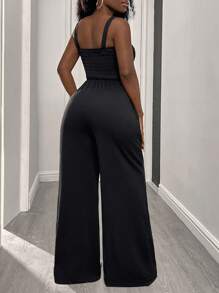 INAWLY 實色大尺碼背帶連體褲，有口袋，寬肩帶，無袖，適用於夏季 - 黑色 - 查看 2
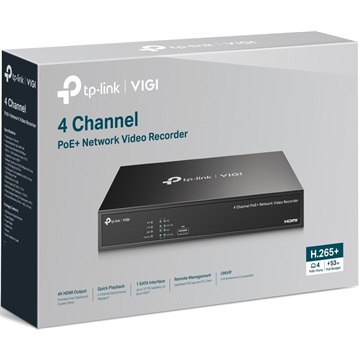Tp-Link VIGI NVR1004H-4P 4 csatornás PoE+ hálózati videórögzítő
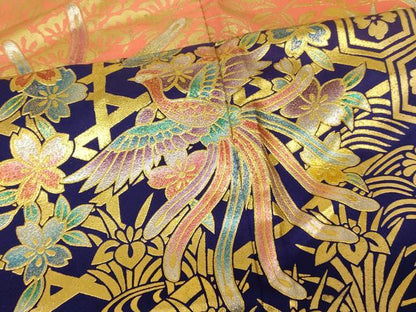 平和屋本店●お引きずり・お引き摺り・引き振袖　和装　結婚式　舞妓　芸妓　芸者　衣装　鳳凰花車文　暈し染め　金銀彩　逸品　AABJ2855fw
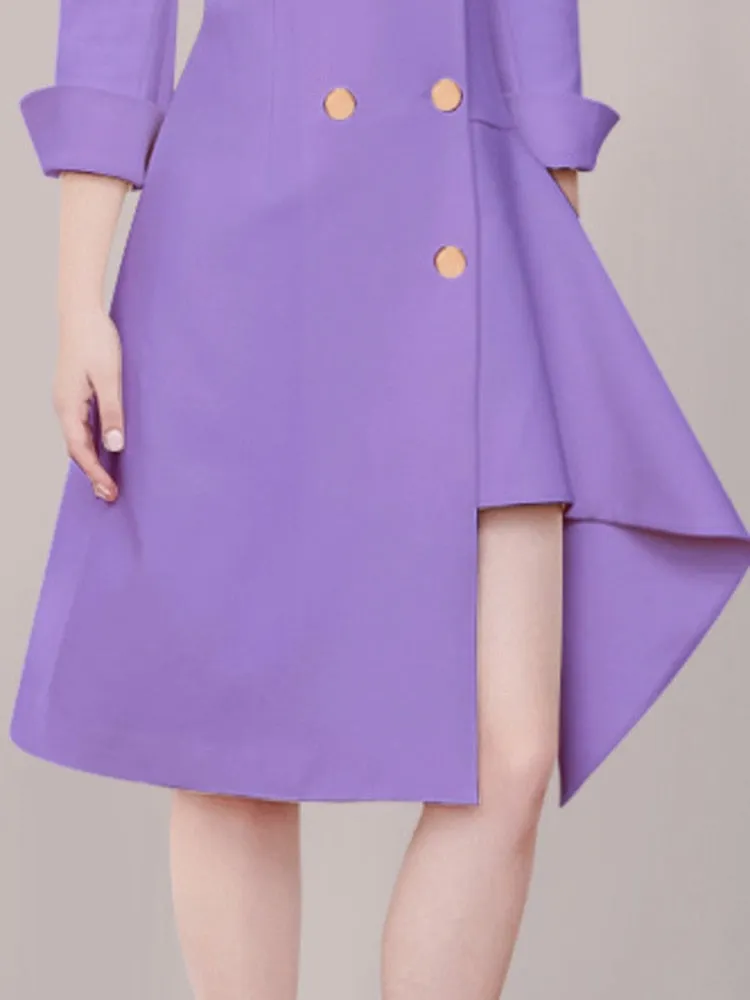 Irregular Notched Collar Blazer Dress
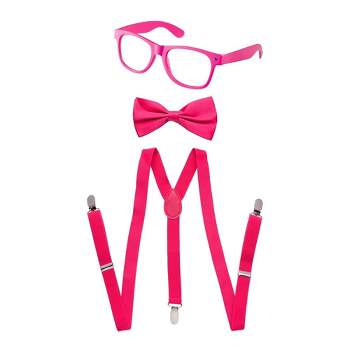 Dress Up America Neon Suspenders Set for Adults - Bow-tie, Glasses and Suspenders Set
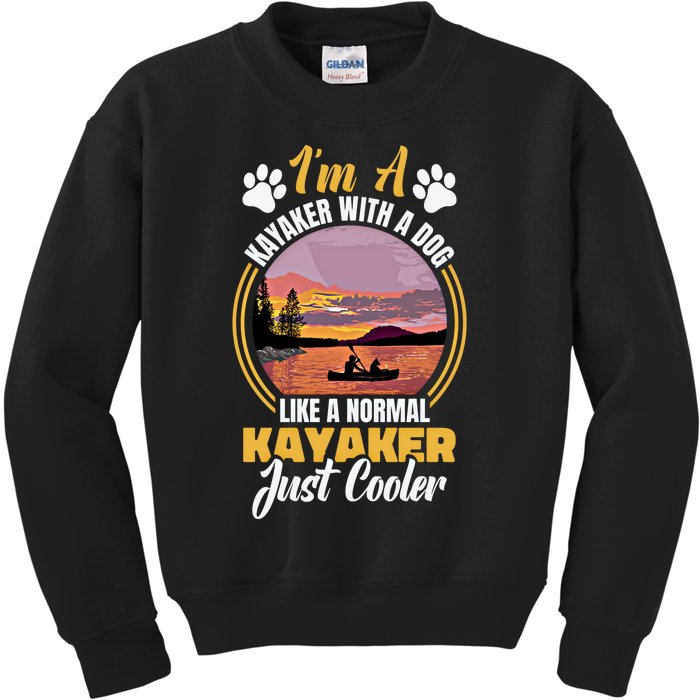 Dog Kayak Lake Kayaking With Dog Life Vest For Kayaking Dog Gift Kids Sweatshirt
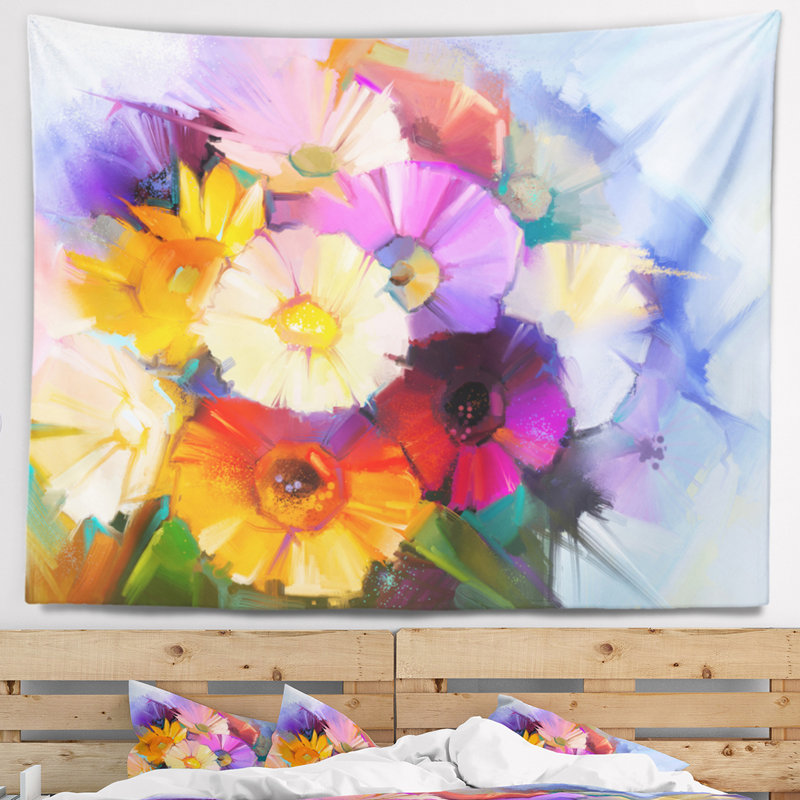Tapisserie florale de fleurs de gerbera, H 68 po x l 80 po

* * * *

Everything from the line with "Dog Kayak Lake" through the last line of the listing above is to be copied exactly, both ends included, except the pictures.

 Dog Kayak Lake Kayaking With Dog Life Vest For Kayaking Dog Gift Kids Sweatshirt
Tapisserie florale de fleurs de gerbera, H 68 po x l 80 po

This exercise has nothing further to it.